En 40 ans, Patagonia est devenue une entreprise de 3 600 salariés présente sur 4 continents. Pour autant, Yvon Chouinard a préservé son mode de vie initial, proche de la nature.
Il a tellement préservé sa relation à la nature qu’elle est devenue l’ADN de son entreprise. Comme Steve Jobs, Yvon Chouinard parle d’abord de la raison d’être de son entreprise avant de présenter ses produits.
C’est aussi parce qu’il tient absolument à garder l’esprit dans lequel il a démarré son activité que ses équipes acceptent la dynamique de changement qu’il initie.
La transformation par la conservation
Paradoxalement, je crois que les leaders du changement ont tous intérêt à se poser la question : « Que voulons-nous conserver pour changer ? »
Le changement provoque naturellement une certaine peur en chacun de nous : peur de l’inconnu, de l’échec, de ne pas être indispensable dans le nouvel ordre des choses.
Lorsque nous sommes obsédés uniquement par ce qui doit être changé, et pas par ce que nous voulons garder, nous confortons nos craintes.
Peter Senge
Cependant, lorsque nous définissons ce que nous souhaitons conserver de notre identité, de notre relation à la vie, au travail, aux autres…, une partie de ces peurs peut disparaître.
En nous focalisant sur ce qui nous est cher et que l’on souhaite préserver, on accepte plus facilement ce qui doit changer. Et si on est convaincu que ce qui va changer permet justement de préserver l’essentiel, alors on devient un véritable acteur du changement.
« Qu’est-ce que je souhaite conserver ? »
C’est la question que je veux me poser à chaque opportunité de changement.

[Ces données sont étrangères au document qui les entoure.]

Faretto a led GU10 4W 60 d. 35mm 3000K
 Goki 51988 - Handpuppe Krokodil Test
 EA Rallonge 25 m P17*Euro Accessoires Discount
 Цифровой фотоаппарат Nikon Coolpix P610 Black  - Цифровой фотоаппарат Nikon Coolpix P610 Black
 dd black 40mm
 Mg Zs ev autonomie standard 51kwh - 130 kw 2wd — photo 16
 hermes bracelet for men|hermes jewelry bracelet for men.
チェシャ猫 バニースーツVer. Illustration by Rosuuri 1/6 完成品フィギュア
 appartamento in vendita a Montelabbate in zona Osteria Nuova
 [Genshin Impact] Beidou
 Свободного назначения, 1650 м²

Conserver pour changer, c’est ma bonne résolution pour cette nouvelle année.
Et vous ?
Un article rafraichissant en ce début d’année 2016, et si pragmatique !
Oui, nous sommes tellement focalisés sur le changement, que l’on en oublie souvent d’expliquer ce qui doit être gardé parce-que ça marche, ou ce qui doit être conservé comme colonne vertébrale dans ce que l’on aimerait améliorer.
Gardons nos valeurs, mais changeons la manière de les appréhender, de nous guider: n’en faisons pas un carcan qui peut nous couper des autres, mais un conseil pour nous en approcher.
J’aime beaucoup « Gardons nos valeurs mais changeons la manière de les appréhender », merci Patrick !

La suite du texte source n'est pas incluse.